Start of SOURCE DATA

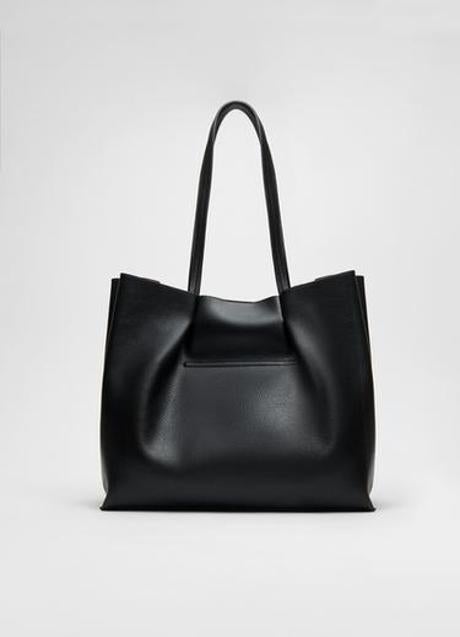 Imagen - Bolso negro de Stradivarius (35,99 euros)
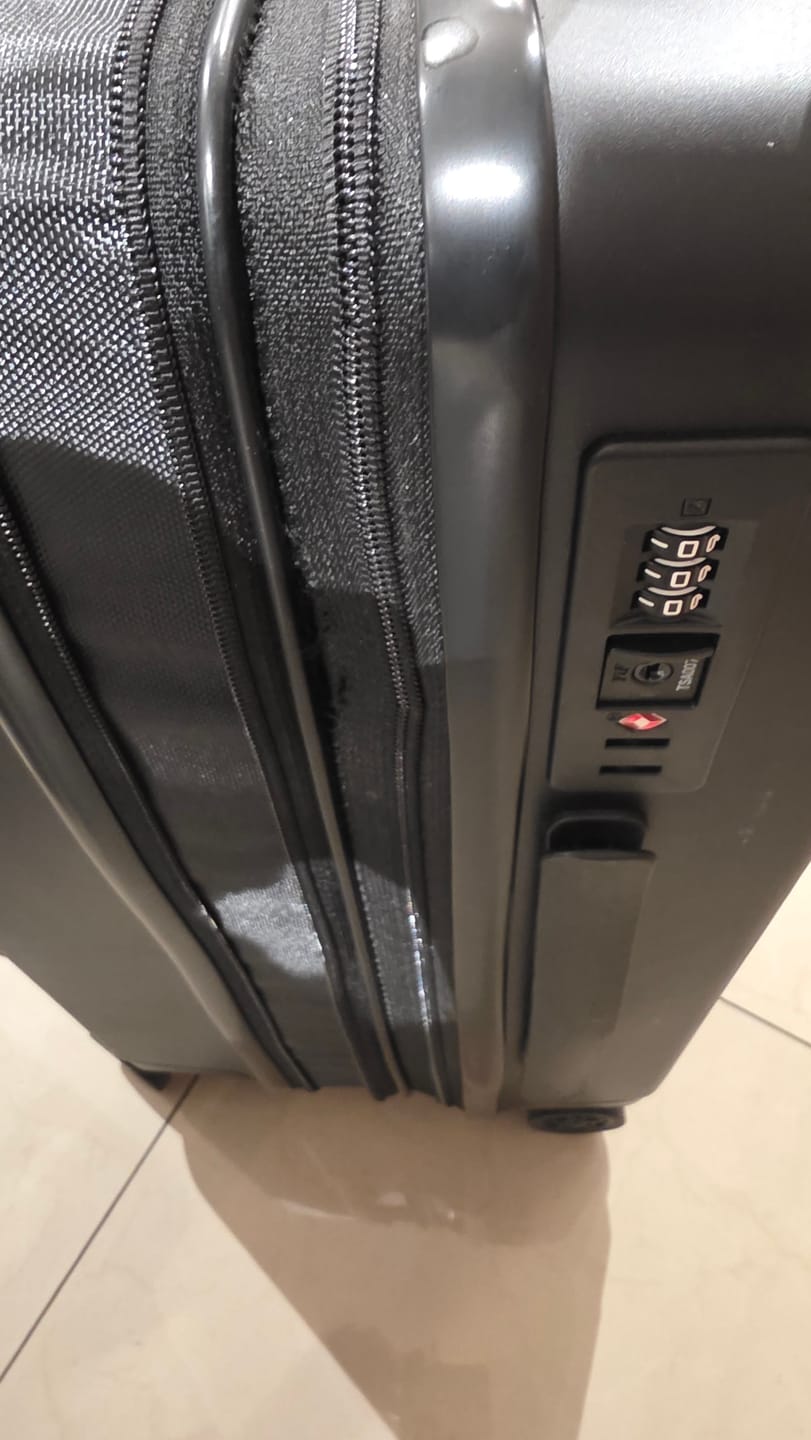 Customer photo review of Blackbird Carry On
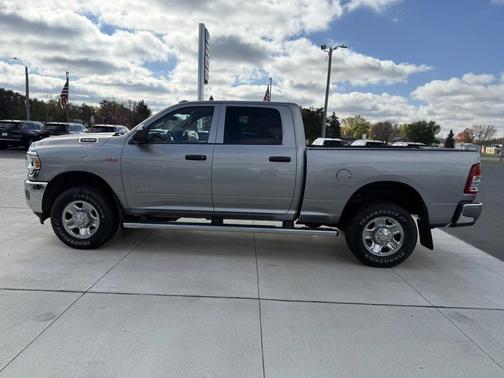 2019 RAM 2500 Tradesman Crew Cab 4x4 6'4' Box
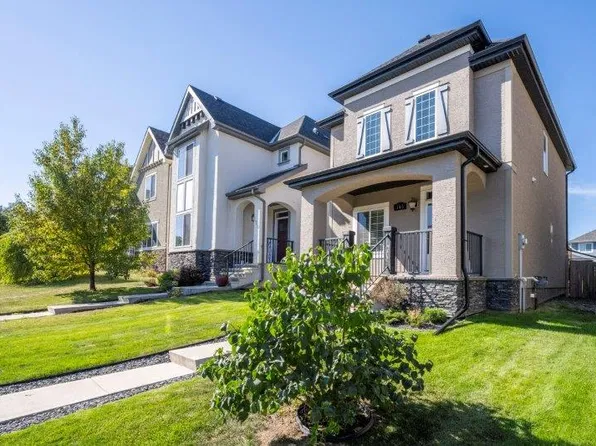 166 E Mahogany Hts SE, Calgary, AB T3M 0X6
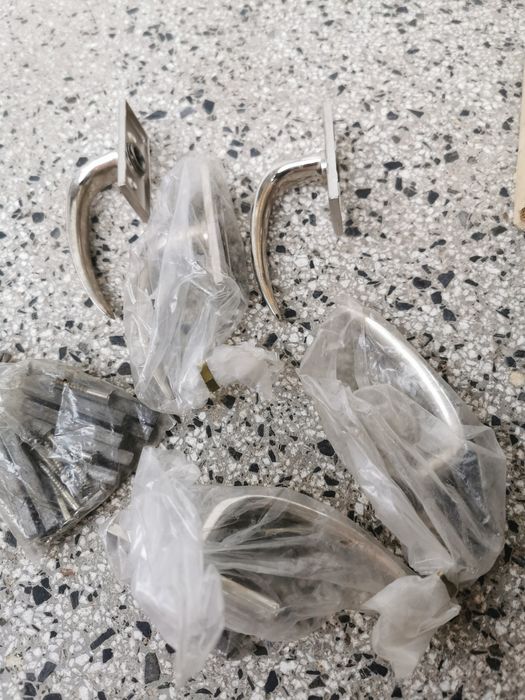 Метални дръжки за дървени врати и прозорци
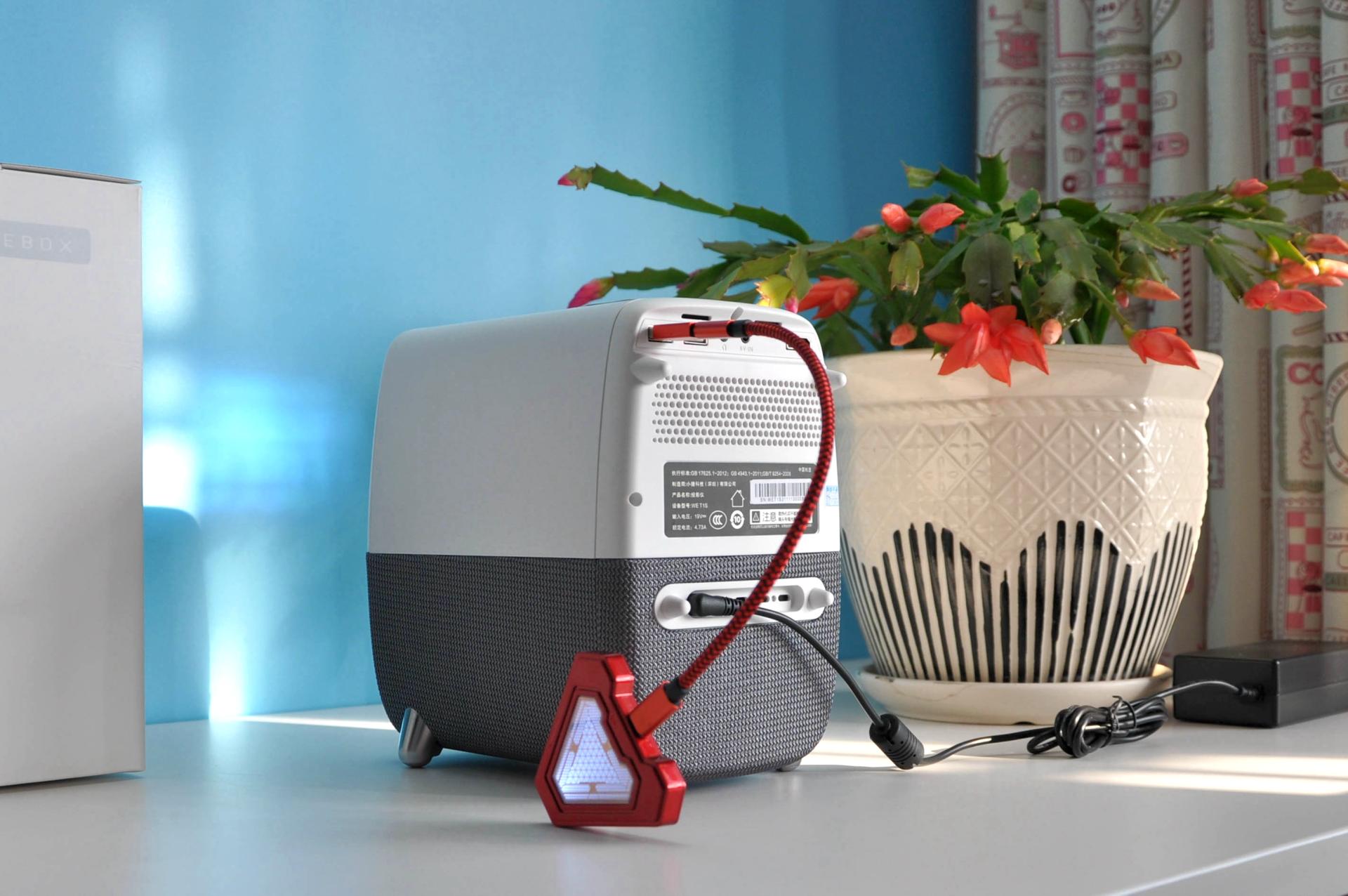 泰捷WEBOXT1投影仪测评,泰捷weboxt1投影仪和m6哪个好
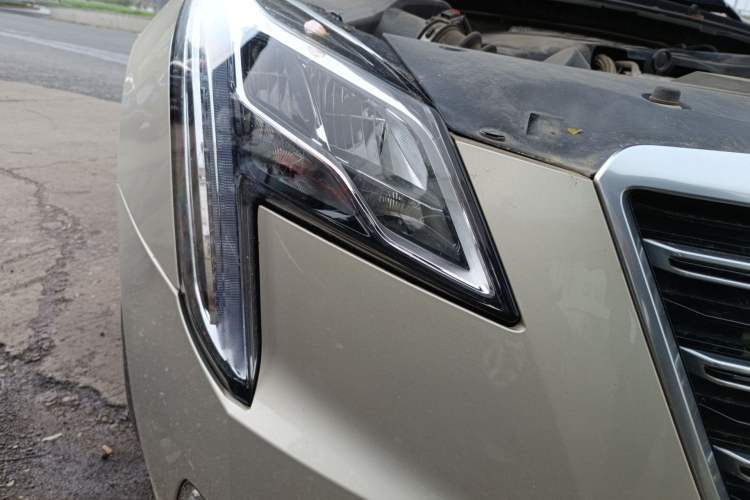 Used Cadillac XTS 2018 28T Elite Edition Right Front Headlight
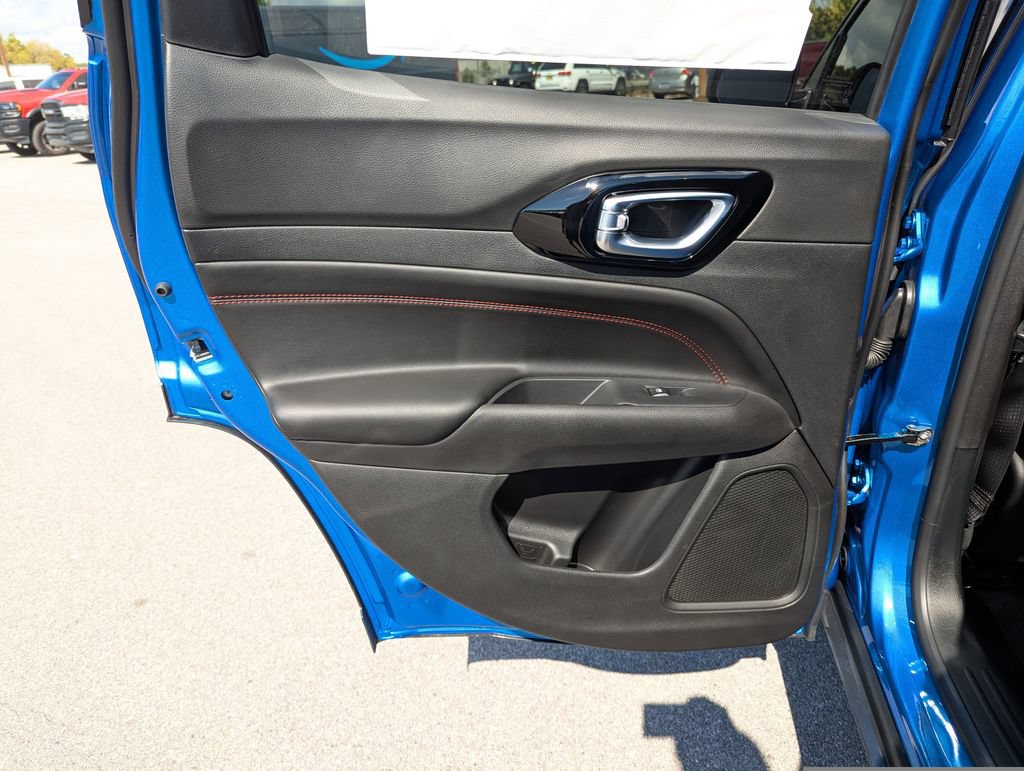 New 2026 Jeep Compass Trailhawk AWD/4WD image 28
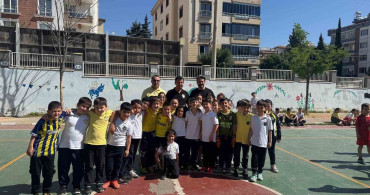 Emniyet Müdürü Celal Özcan'dan Öğrencilere Futbol ve İlham Dolu Ziyaret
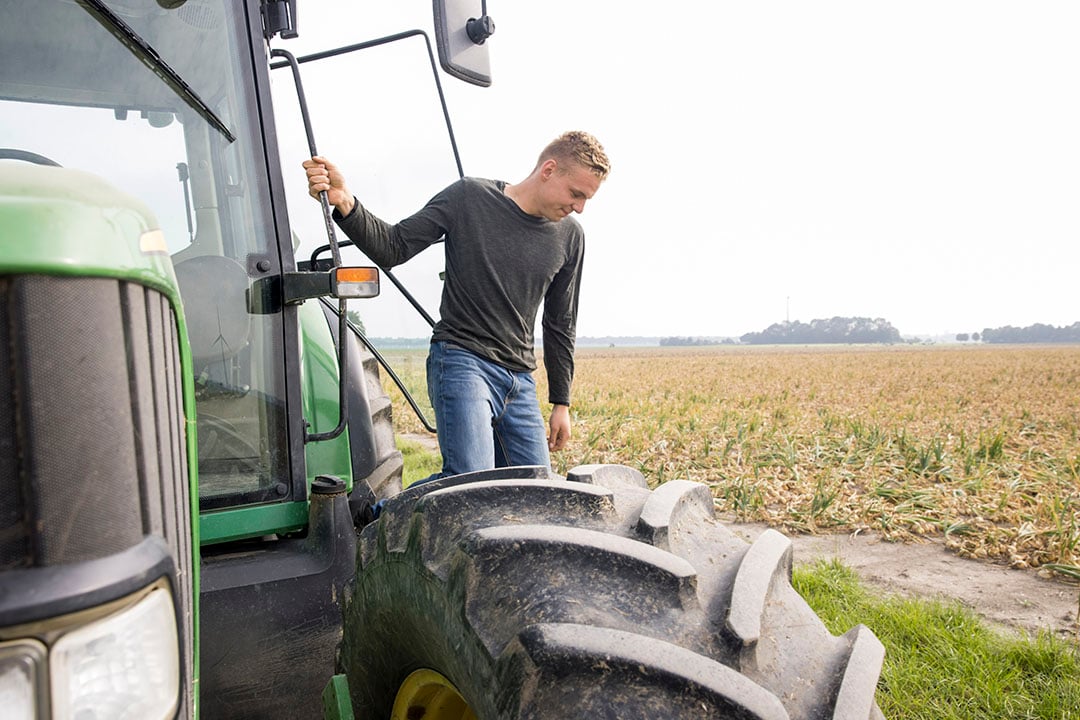 Even kijken bij de uien. De oogst daarvan vindt Leon een van de mooiste klussen van het jaar.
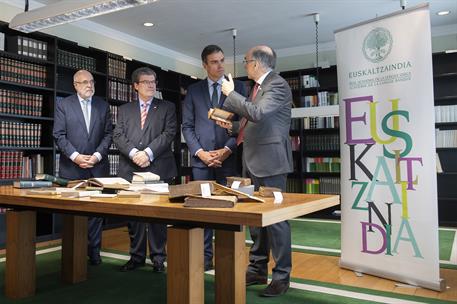 6/03/2019. Pedro Sánchez visita San Sebastián y Bilbao. El presidente del Gobierno, Pedro Sánchez, en un momento de su visita a la bibliotec...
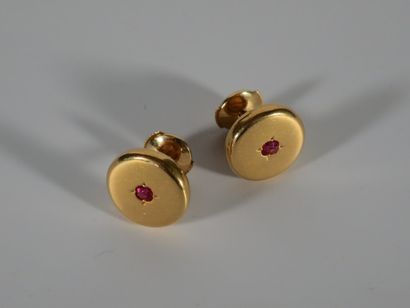 null PAIRE DE BOUCLES D'OREILLES rondes en or jaune 18k (750 millièmes) serties d'un...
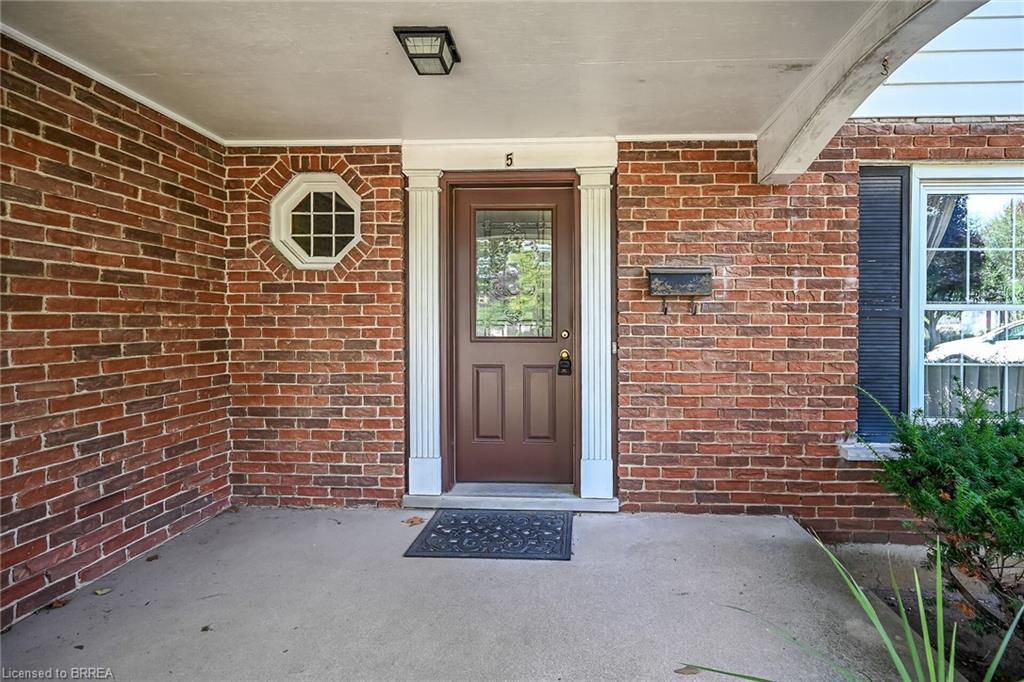 5 Rathbun Place, Brantford ON N3R 1K4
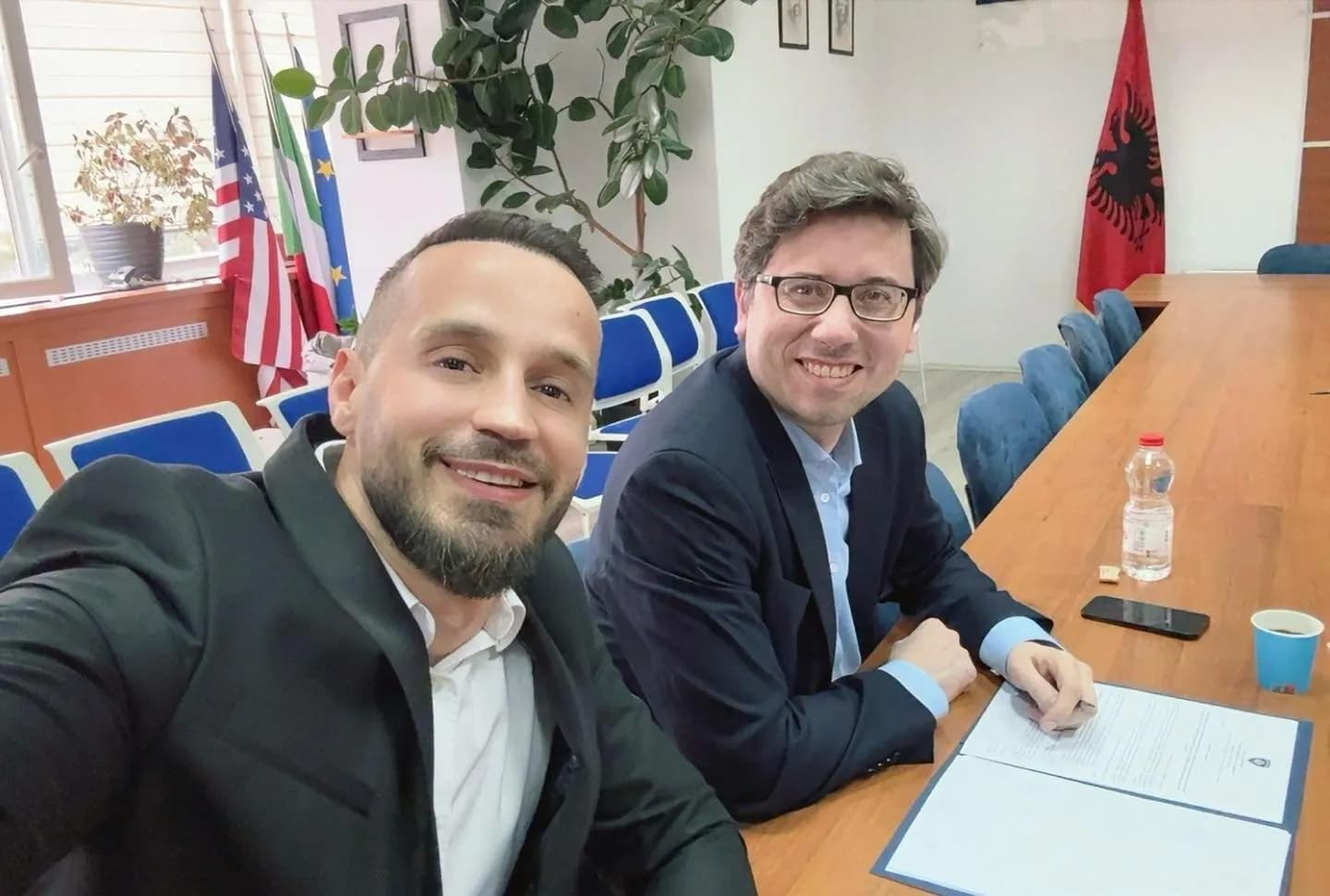 Deputeti i VV-së publikon foto me Hekuran Muratin: Paga e 13-të shpërndahet me 31 mars, urime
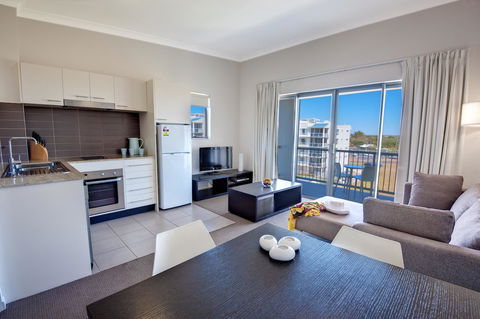 The Point Resort - Accommodation Australia 19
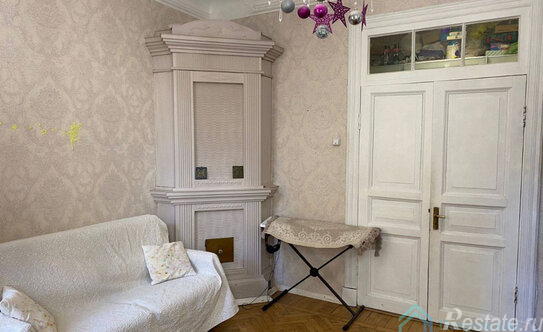 Продажа 2-комн квартиры на вторичном рынке Гатчинская улица,  д. 10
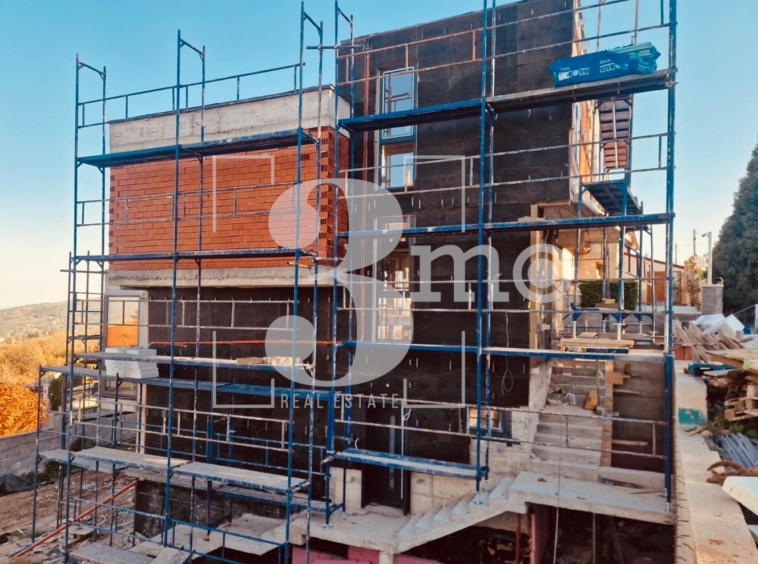 „3mo“ недвижими имоти продава новострояща се луксозна къща, находяща се в с. Бистрица - 0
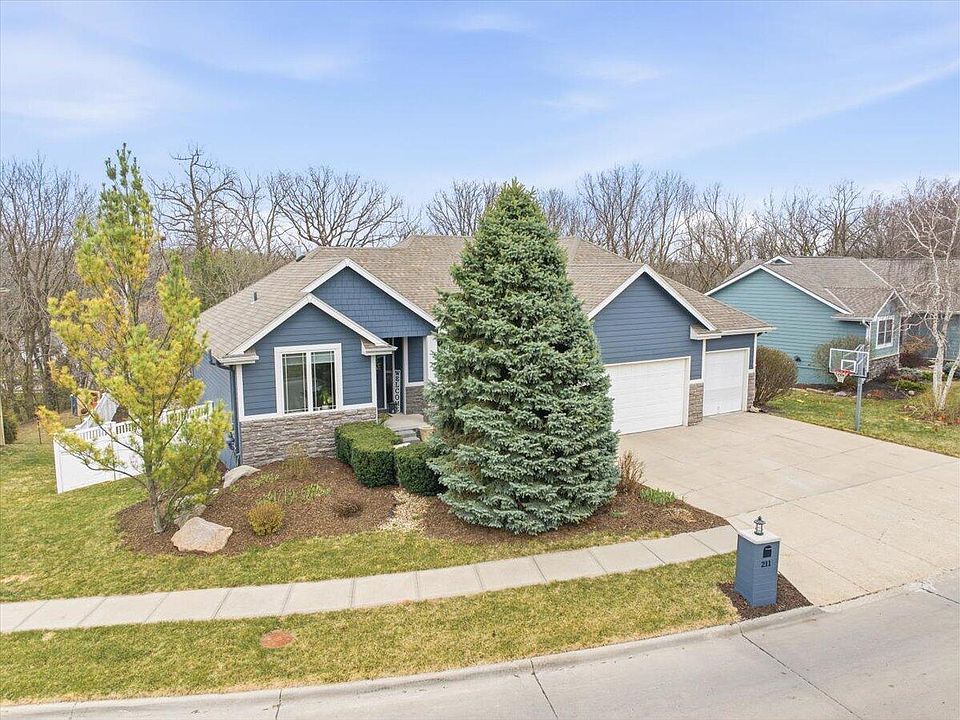1st image of 211 Parkwild Dr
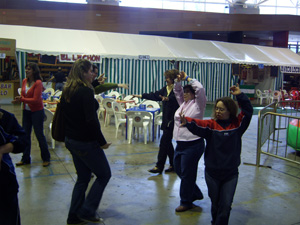 Participantes bailando sevillanas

End of SOURCE DATA

_TASK DESCRIPTION_
Set the pictures aside and restate word for word only the lines from the line containing "1st image of 211 Parkwild Dr" through the end of the entries above, both included.

_FINISHED EXERCISE_
1st image of 211 Parkwild Dr
 Participantes bailando sevillanas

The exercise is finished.